I read “Homegoing” as part of my library’s book club. I didn’t finish it in time for the book club meeting, but I had heard good things about it so I wanted to make sure I fit this into my reading schedule. I ended up reading it on a road trip, which helped me enjoy this book more than if I read this in bits and pieces.
“Homegoing” is the story of two half-sisters, neither knowing of the other, who’s families are affected by the slave trade in what is now Ghana. One sister stays in Africa and the other ends up in what will become the United States. This is a novel about a family and as such, each chapter is the next generation’s point of view and alternates between each of the sisters’s families.
It took me a few chapters to adjust to this format, but in the end it really felt like the book was moving forward. While I wasn’t sure what to think of meeting new characters each chapter, it ended helping me connect to the characters because I was looking to see how their lives played out in their children’s chapters.

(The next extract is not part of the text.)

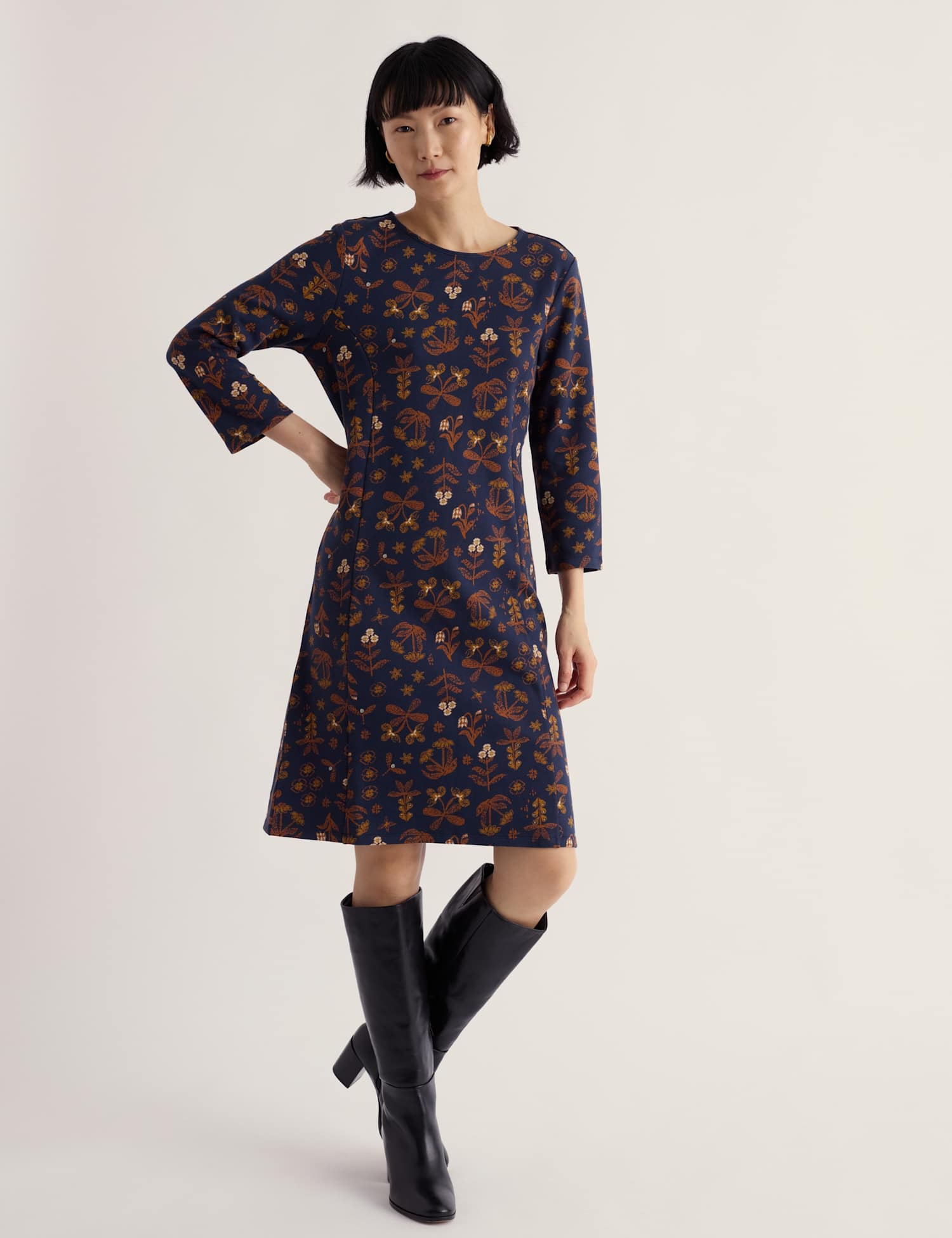 Seasalt Cornwall Floral Slash Neck Shift Dress Navy Mix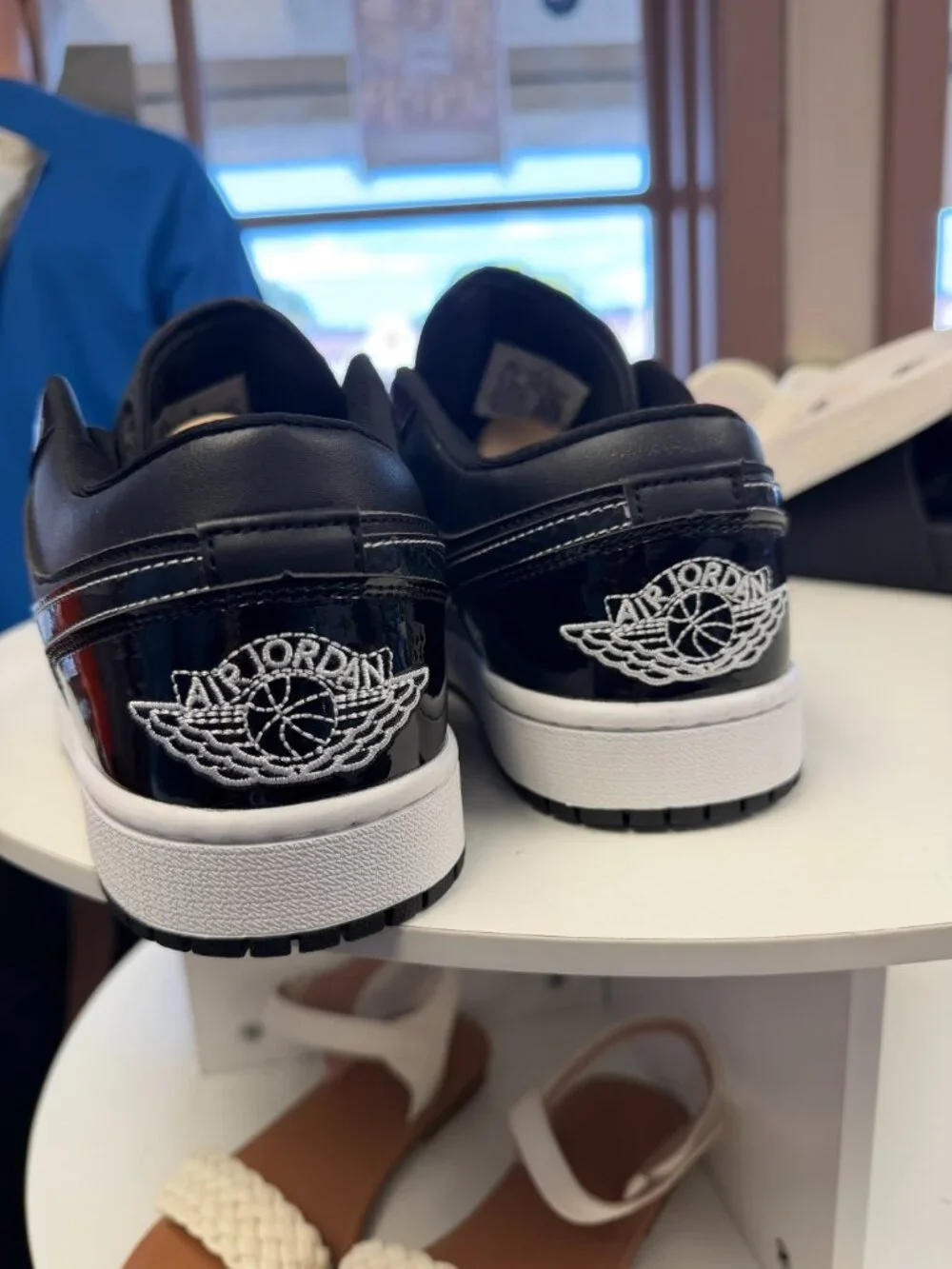 Jordan Air Jordan 1 Low Mens Solid Black/White Lace-Up Low Top Sneakers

The older I’ve become, the more I realize that history isn’t as distant as it may appear in history books. This book shows that perfectly. One decision in one generation can have consequences for generations to come. I felt that the reality in this book wasn’t overwhelming even though there’s some tough events that happen. In Yaa Gyasi’s hands, the plot doesn’t shy away from these events, but it doesn’t feel like these events are JUST meant to shock the audience. One of the characters in the more modern chapters has an English teacher that talks about books that we can feel inside of us. This is one of those books for me.